ZombieNet usually generates a chain spec for Polkadot nodes using the build-spec command. However, Gossamer's build-spec command requires different arguments. To bypass this, we can use the chain_spec_path attribute to specify a pre-built chain spec file.
Another problem we faced was with the default_command and command attributes, as they include unrecognized arguments for Gossamer, causing startup failures. To solve this, we can use the command_with_args attribute to specify only the desired arguments and remove the unrecognized ones.
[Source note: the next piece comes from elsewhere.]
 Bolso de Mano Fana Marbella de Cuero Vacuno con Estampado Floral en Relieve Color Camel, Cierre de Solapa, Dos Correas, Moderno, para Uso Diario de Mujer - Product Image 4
Modifications were implemented to allow Gossamer nodes can be started successfully using chain_spec_path and command_with_args
Integrating Gossamer nodes with ZombieNet requires careful attention to attribute configurations and potential differences in logging. By utilizing modifications like chain_spec_path and command_with_args in ZombieNet, and potentially implementing logging of the startup terms in Gossamer, we can achieve better integration and enhance our testing capabilities.
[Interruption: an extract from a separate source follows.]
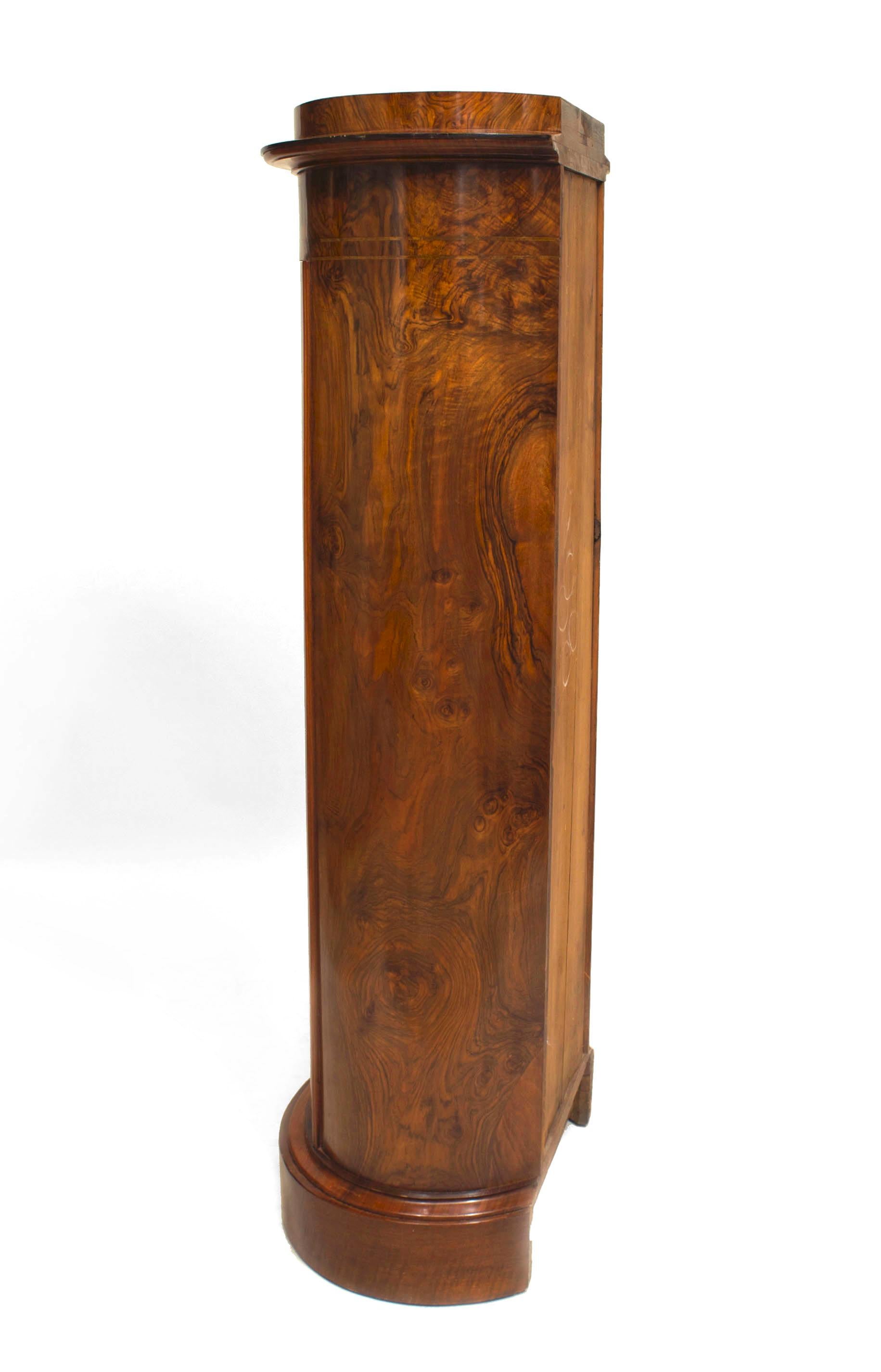 Biedermeier Burl Walnut Pedestal Cabinet For Sale 1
Support for parachain consensus
An essential component of the Polkadot protocol is to author and finalize parachain blocks. We are actively developing on this front and wanted to share some of our key highlights:
- Gossamer now supports all ParachainHost runtime API calls
- Our team has implemented an overseer for inter-subsystem communication. This is inspired by polkadot-sdk's overseer. Although modified, it was built with all the benefits of Golang in mind.
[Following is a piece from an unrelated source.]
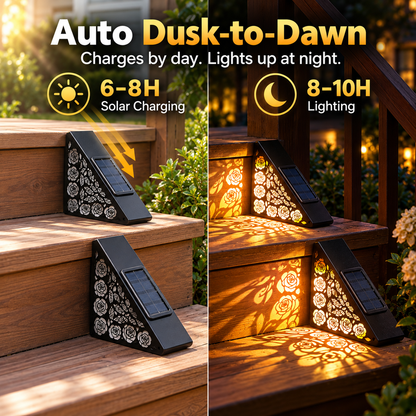 2-Pack Solar Step Lights – Automatic Dusk-to-Dawn Glow, No Wiring Needed for Steps, Porches & Garden Paths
- Currently, Gossamer is able to validate parachain candidates, including testing a candidates Proof-of-Validity against a Parachain's own runtime.
- Gossamer now has Parachain service (dot/parachain) amongst other parallell running services. This service runs Validation and Collation Protocols, and our team is hard at work to get this fully operational in the coming year.
- In addition, as the Polkadot codebase for parachain consensus is divided into multiple subsystems, our team is diligently working on subsystem components such as collator protocol, candidate backing, and availability.
Get involved
To stay up to date on Gossamer in 2024, follow ChainSafe on Twitter.
You can also dig into the Gossamer code here or read the docs. Have a question or comment for us? Hop into our Discord #Gossamer-general channel👋
Thanks to Timothy Wu, Kirill Pisariev, Jimmy Johnson, Ed Mack, Kanishka Nagaraj, Kishan Sagathiya, Eclésio Melo, Diego Romero, and Axay Sagathiya for their contributions to this article.
About ChainSafe
ChainSafe is a multichain research and development firm that supports the decentralized web through high-impact contributions to leading protocols. Our work comprises node implementations, interoperability infrastructure, gaming solutions, distributed systems research, blockchain applications, tools, audits, and much more. Everything we work on is open source and community-oriented.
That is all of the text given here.